Now to extract those sub and pub IDs from each article.

In [52]:
    for article in b["articles"]:
        e = article['id']
        print(e)
        f = article['currentPublicationId']
        print(f)

39610
339
39609
338
39565
294
39564
293


That output looks a little weird here but when I ran it all in Spyder, it looks like it spit out all the values it needed to.

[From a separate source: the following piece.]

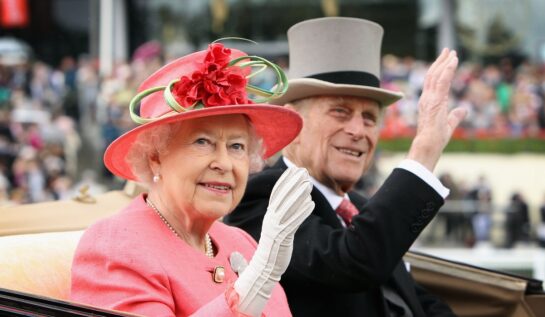 Regina Elisabeta a primit un trandafir în amintirea Prințului Philip. Cum l-a omagiat suverana pe Ducele de Edinburgh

Now I'm going to try using the API to unpublish, edit, and republish an article outside of the loop. I'm going to assign the sub & pub IDs as integers and publication dates as a string to static variables for a single article.

## Unpublish and article

In [60]:
subID = 39564
pubID = 293
pubdate = "1967-06-02"
unpub ="https://historicalpapers.journals.yorku.ca/index.php/historicalpapers/api/v1/submissions/39564/publications/293/unpublish"

In [61]:
requests.put(unpub,params={'apiToken':key})

<Response [200]>

That worked! The submission is unpublished. Now, we edit the date (d) and put in the API request to change the publication date.

## Edit the article

In [64]:
eddate = "https://historicalpapers.journals.yorku.ca/index.php/historicalpapers/api/v1/submissions/39564/publications/293"
requests.put(eddate,params={'apiToken':key,'datePublished':"1967-06-02"})

<Response [200]>

In [65]:
pub = "https://historicalpapers.journals.yorku.ca/index.php/historicalpapers/api/v1/submissions/39564/publications/293/publish"
requests.put(pub,params={'apiToken':key})

<Response [200]>

ARGH. It should work but the date hasn't changed despite the 200 responses. The Activity Log shows that activity has happened with the submission but the original publication date doesn't show. Have triple-checked the sub and pub IDs, they're both correct.

Am writing the PKP forum to figure this shit out.